# Computing the optimal statistic with `enterprise_extensions`

* In this notebook you will learn how to compute the optimal statistic (OS). 
* The optimal statistic is a frequentist detection statistic for the stochastic background.
* It assesses the significance of the cross-correlations and compares them to the Hellings-Downs curve.

* For more information, see [Anholm et al. 2009](https://arxiv.org/abs/0809.0701), [Demorest et al. 2013](https://arxiv.org/abs/1201.6641), [Chamberlin et al. 2015](https://arxiv.org/abs/1410.8256), [Vigeland et al. 2018](https://arxiv.org/abs/1805.12188), [Sardesei and Vigeland 2023]()

* The OS is derived under the assumption of the low-SNR regime on the GWB

* This works well as a detection statistic, because we work under the null hypothesis that $\hat{A}_\text{gw}^2 = 0$

* See [Allen 2023]() and [Allen and Romano 2023]() for changes to the OS that take GWB covariance into account which are required to use the OS as an unbiased estimator of $\hat{A}_\text{gw}^2$

In [4]:
%load_ext autoreload
%autoreload 2
%matplotlib widget

import numpy as np
import glob, json, sys
import matplotlib.pyplot as plt

from enterprise_extensions import models
from enterprise_extensions.frequentist import optimal_statistic as opt_stat

from h5pulsar.pulsar import FilePulsar

IN_COLAB = 'google.colab' in sys.modules

The autoreload extension is already loaded.

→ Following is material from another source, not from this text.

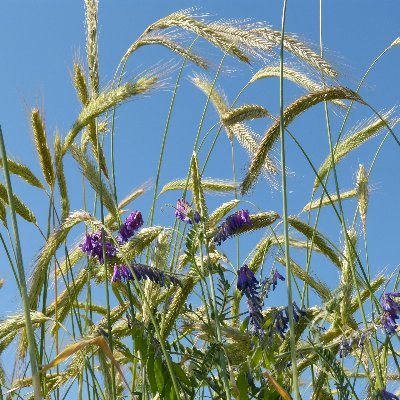 HumusKlimaNetz's profile picture. Modell- und Demonstrationsvorhaben „Humusaufbau in landwirtschaftlich genutzten Böden – Schwerpunkt Ackerbau“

To reload it, use:
  %reload_ext autoreload


## Load pulsar data

In [3]:
if IN_COLAB:
    datadir = '/content/12p5yr_stochastic_analysis/tutorials/data'
else:
    datadir = './data'

## Multiple-component optimal statistic as a detection statistic

* The original OS assumes a single correlation component

* This means we could search for
  * monopolar correlations, such as those that may come from clock corrections
  * dipolar correlations, such as those that may come from ephemeris modeling errors
  * or HD correlations, such as those created by a stochastic gravitational wave background

* If we want to search for all of these simultaneously to prevent leakage from one component into another, we need to use the multiple component OS (MCOS) and search for all three of these together

In [5]:
psrs = []
for hdf5_file in glob.glob(datadir + '/hdf5/*.hdf5'):
    psrs.append(FilePulsar(hdf5_file))
print('Loaded {0} pulsars from hdf5 files'.format(len(psrs)))

Loaded 67 pulsars from hdf5 files


In [6]:
## Get parameter noise dictionary
noise_ng15 = datadir + '/15yr_wn_dict.json'

wn_params = {}
with open(noise_ng15, 'r') as fp:
    wn_params.update(json.load(fp))

### Use `enterprise_extensions` to make a model with a common red process

In [7]:
# (Note: It will take a few minutes to run this cell and may require at least ~4GB RAM)
# This will NOT work if we use tm_marg=True, so we don't use it here.
pta = models.model_2a(psrs, noisedict=wn_params, n_gwbfreqs=14, tm_svd=True)

### Initialize the optimal statistic object

In [8]:
os = opt_stat.OptimalStatistic(psrs, bayesephem=False, noisedict=wn_params, pta=pta)

* Here we use the noise-marginalized version of the optimal statistic
* This is a version of the OS that averages the noise over an MCMC chain

In [None]:
os.compute_noise_marginalized_multiple_corr_os()